Snap is priced like it's the next Facebook, but it looks far more likely to be the next Twitter. Twitter once sported a bonkers valuation, as well, with its market capitalization topping out well above $30 billion. Slowing user growth and massive, persistent losses eventually put an end to that optimism: Twitter stock is down 75% from its all-time high.
Snap needs to re-accelerate growth and start moving toward profitability. I have no confidence that it can do either of those things, let alone both simultaneously. The Snapchat app has a narrow appeal, and it lacks the inherent usefulness of Facebook and Twitter. It would take a miracle for Snap to ever live up to its outrageous valuation.
Burning cash like there's no tomorrow
Shares of online furniture retailer Wayfair recently exploded higher after the company beat analyst estimates during the first quarter, carving out a new all-time high. The number of active customers surged 46% year over year, driving a 29% increase in revenue. Repeat customers accounted for about 60% of all orders.
Another thing that grew quickly: Wayfair's losses. The company posted an operating loss of $56.2 million, worse than a loss of $40.9 million during the prior-year period. Advertising expenses ate up 12.3% of revenue and 50% of gross profit, despite all those repeat customers. Free cash flow was a loss of $69 million.
Wayfair's plan is to eventually bring down advertising costs as a percentage of revenue, something that will require the company to gain more scale. The long-term goal is to spend just 6%-8% of revenue on advertising. That will be tough given the competitiveness of online retail. Wayfair has Amazon.com -- which is currently making a big push into furniture -- to worry about, as well as traditional retailers that are aiming to grow their e-commerce businesses.
A lot of things need to go right for Wayfair to reach profitability and justify its current valuation. A bet on Wayfair is, in a sense, a bet against Amazon's furniture ambitions. Good luck with that.
No room for error
Shares of Advanced Micro Devices (AMD -2.51%) quadrupled in 2016, driven higher by optimism surrounding the company's product launches. AMD has already launched some of its Ryzen PC CPUs, and its EPYC server CPUs and Vega high-end GPUs are coming soon.
There's a bit of a problem, though. AMD is aiming to earn at least $0.75 in per-share adjusted earnings by 2020, and the stock already trades for nearly 15 times that number. The valuation was even higher a few months ago -- AMD stock has declined by about 28% from its 2017 peak, driven by lackluster guidance and a rumor about a possible licensing deal with Intel being debunked. Even after the decline, the market is pricing in something close to the best-case scenario.

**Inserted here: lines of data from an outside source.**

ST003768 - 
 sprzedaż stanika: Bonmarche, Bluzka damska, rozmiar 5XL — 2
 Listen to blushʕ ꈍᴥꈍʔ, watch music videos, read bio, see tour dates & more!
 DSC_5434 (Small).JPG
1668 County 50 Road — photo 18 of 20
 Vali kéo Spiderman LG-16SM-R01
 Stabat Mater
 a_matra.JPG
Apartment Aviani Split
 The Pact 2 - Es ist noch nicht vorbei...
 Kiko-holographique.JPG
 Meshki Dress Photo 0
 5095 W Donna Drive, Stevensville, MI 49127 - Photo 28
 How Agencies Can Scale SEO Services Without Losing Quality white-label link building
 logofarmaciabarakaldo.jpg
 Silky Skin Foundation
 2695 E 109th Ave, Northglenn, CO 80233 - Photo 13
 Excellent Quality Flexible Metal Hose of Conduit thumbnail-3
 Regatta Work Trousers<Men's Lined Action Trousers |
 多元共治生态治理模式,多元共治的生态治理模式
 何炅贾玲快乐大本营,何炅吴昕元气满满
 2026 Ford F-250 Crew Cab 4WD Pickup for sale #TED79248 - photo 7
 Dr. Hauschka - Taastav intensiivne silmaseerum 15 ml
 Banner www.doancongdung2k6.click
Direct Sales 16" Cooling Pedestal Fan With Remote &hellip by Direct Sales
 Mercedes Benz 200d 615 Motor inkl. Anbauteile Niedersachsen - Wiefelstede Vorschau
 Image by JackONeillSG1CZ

AMD is starting from way behind in every market it's targeting, so the company will pick up at least some market share. But Intel and NVIDIA are going to react, with new products, price cuts, or both. Neither will willingly cede share to AMD, especially in the lucrative high-end CPU and GPU markets.
AMD stock is priced like the company is going to return to its former glory. Anything short of that will be a disaster for the stock.